Task details:
A verbatim copy is needed of the lines below from the one containing "1827 Runners Way - Photo Thumbnail 15" up to and including the one containing "LV Felicie Pochette", excluding pictures.

Provided records:
<<<<

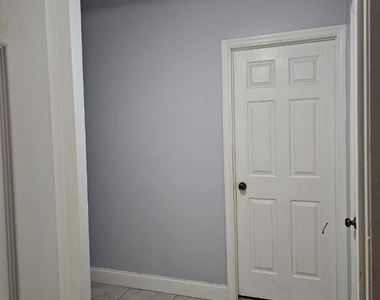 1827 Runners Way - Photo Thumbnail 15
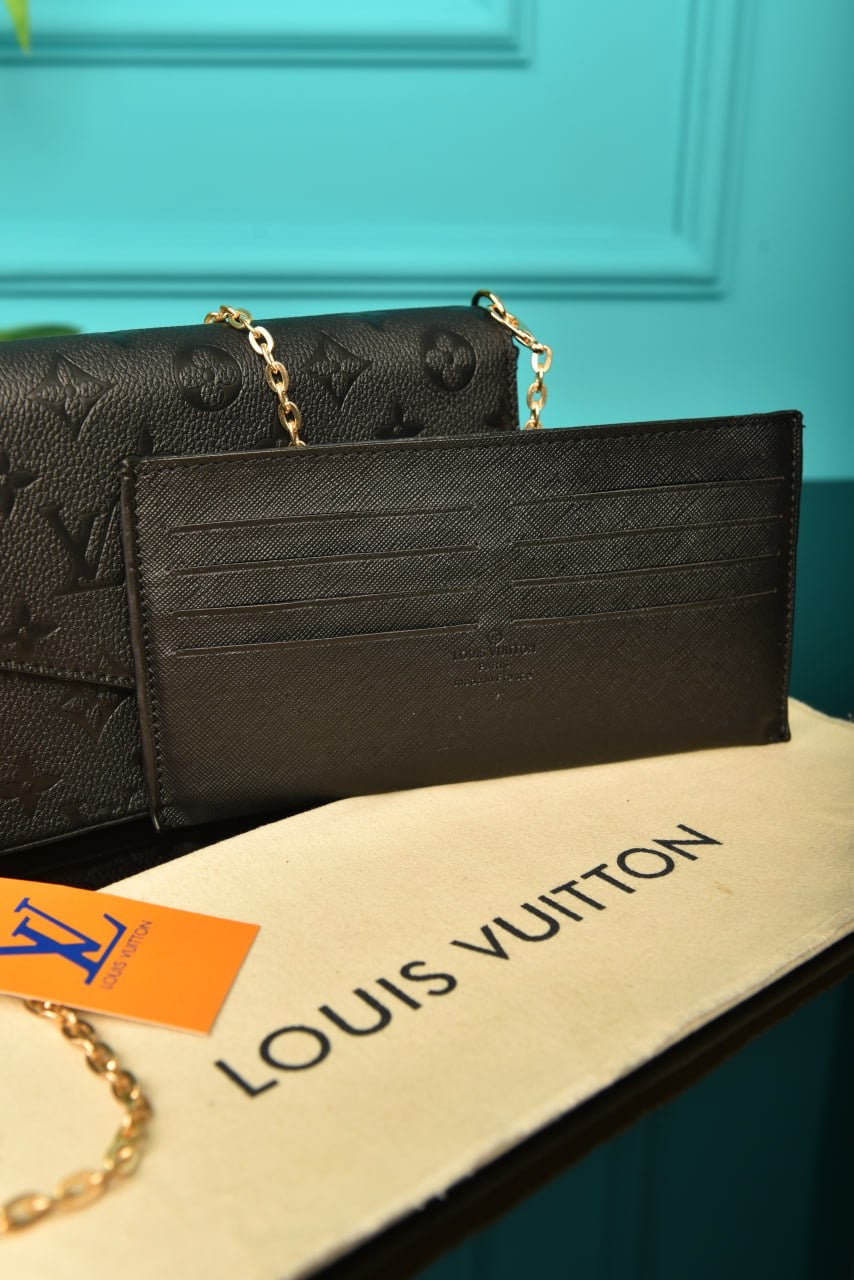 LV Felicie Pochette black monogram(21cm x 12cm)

>>>>
<<<<

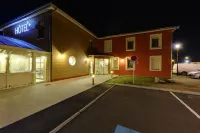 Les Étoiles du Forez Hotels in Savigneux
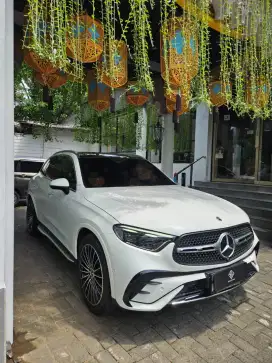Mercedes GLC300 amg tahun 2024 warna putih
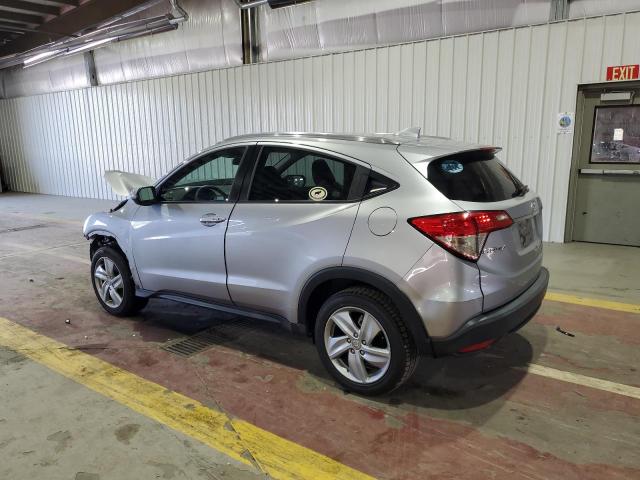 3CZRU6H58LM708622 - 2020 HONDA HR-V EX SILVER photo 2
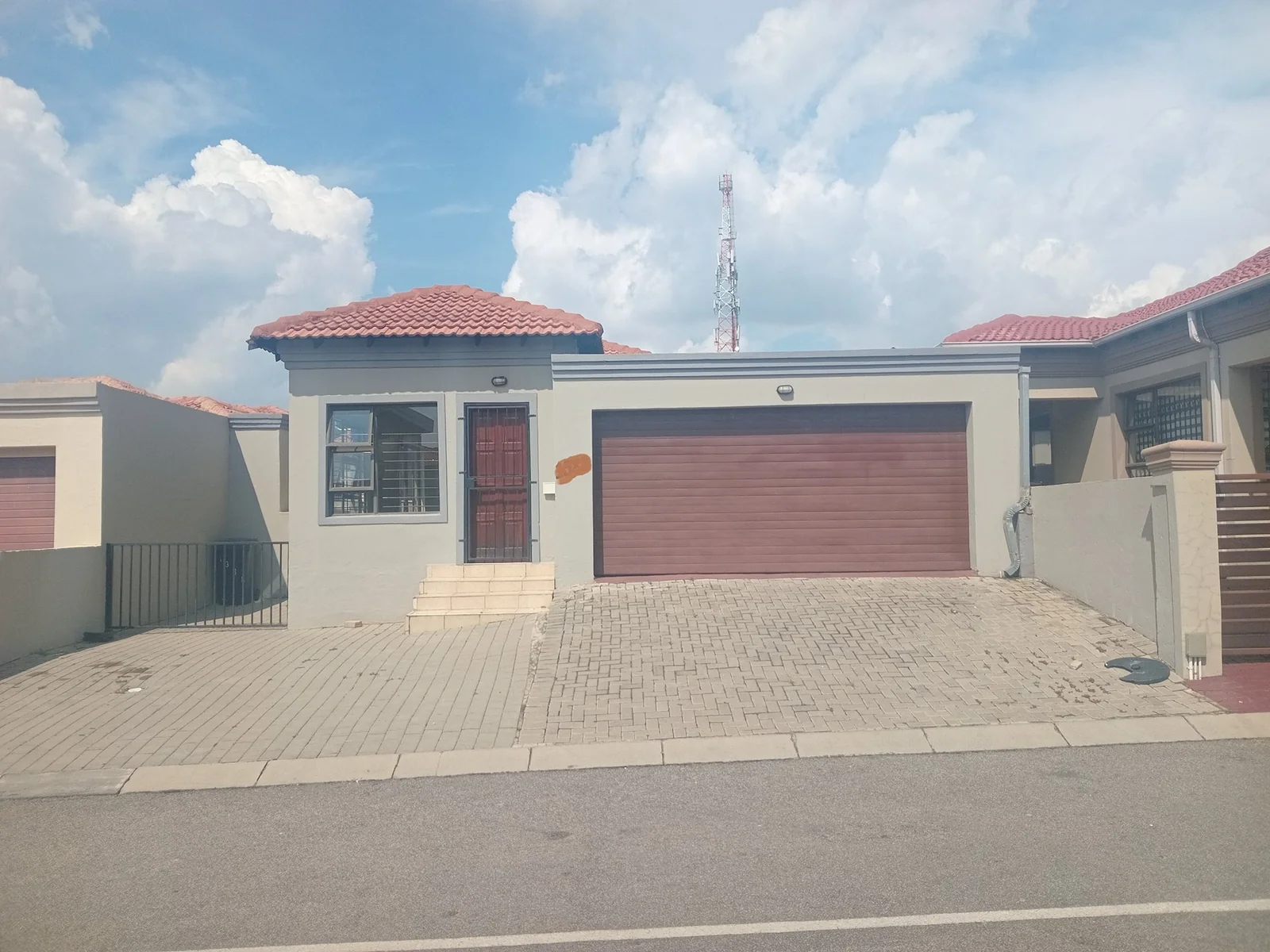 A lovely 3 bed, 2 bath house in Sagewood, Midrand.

>>>>

Exercise result:
 1827 Runners Way - Photo Thumbnail 15
 LV Felicie Pochette black monogram(21cm x 12cm)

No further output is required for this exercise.